Work order: Transcribe exactly, leaving out pictures, the lines from the one that holds "渤海银行西安航天城支行4月反诈宣传活动" through the end of the data below, including both end lines and no others.

The data:

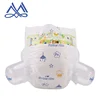 disposable baby diaper with soft touch nice design backsheet film baby nappies from china factory samples free baby diaper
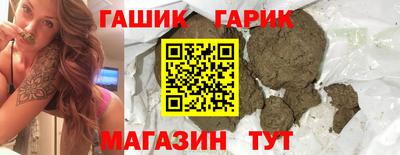 МДМА Братск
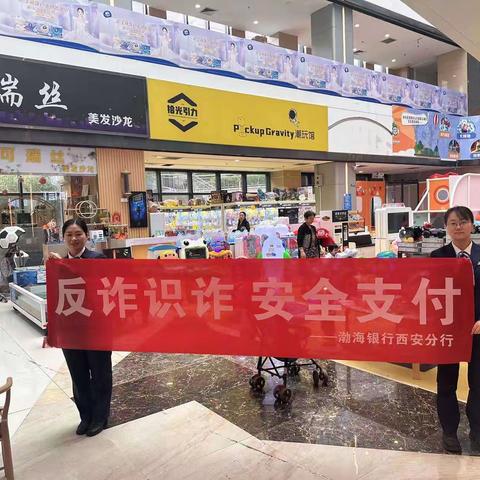 渤海银行西安航天城支行4月反诈宣传活动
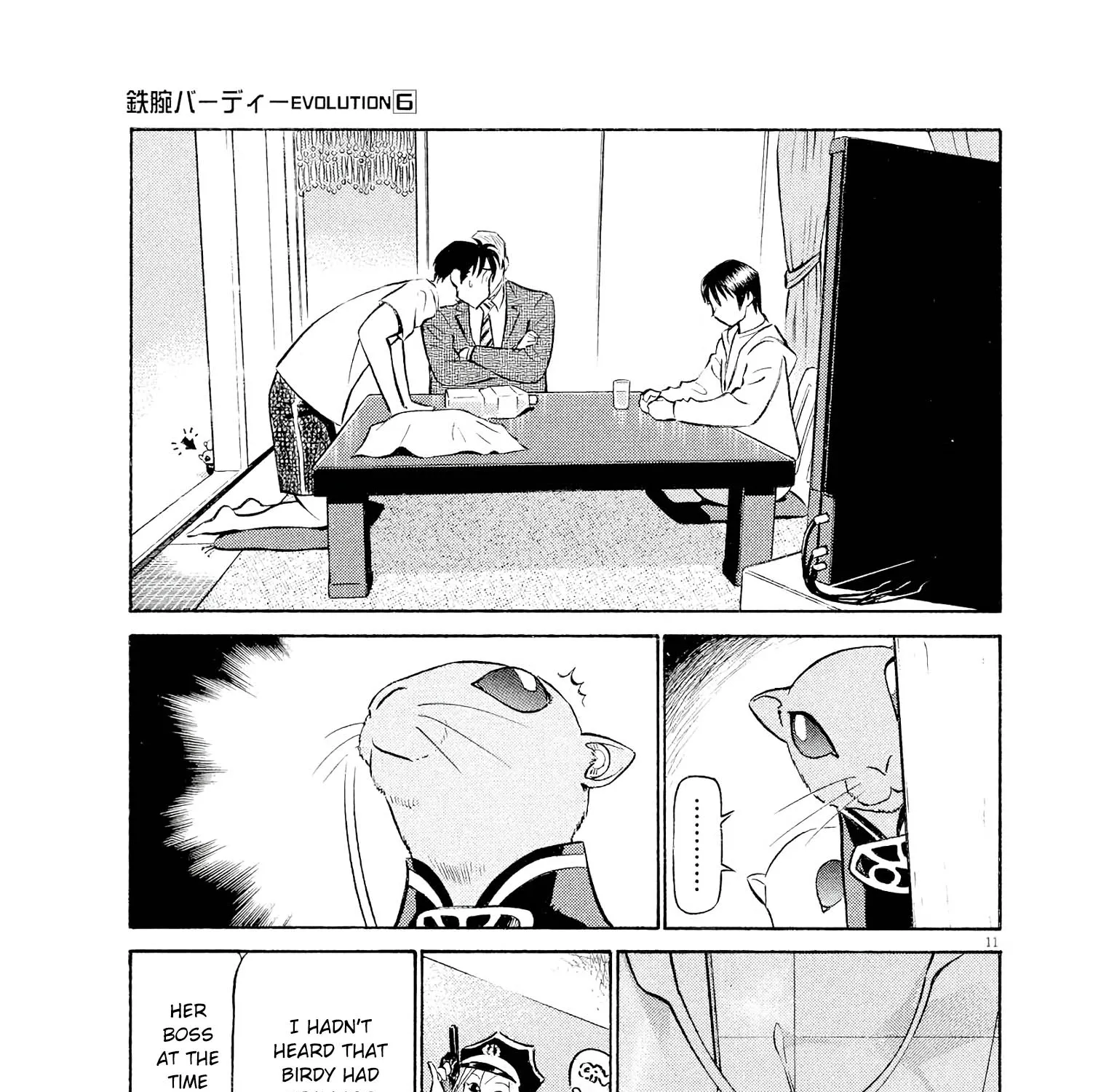Birdy The Mighty Evolution Kainu Manga Chapter 62 Page 21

Exercise solution:
 渤海银行西安航天城支行4月反诈宣传活动
Birdy The Mighty Evolution Kainu Manga Chapter 62 Page 21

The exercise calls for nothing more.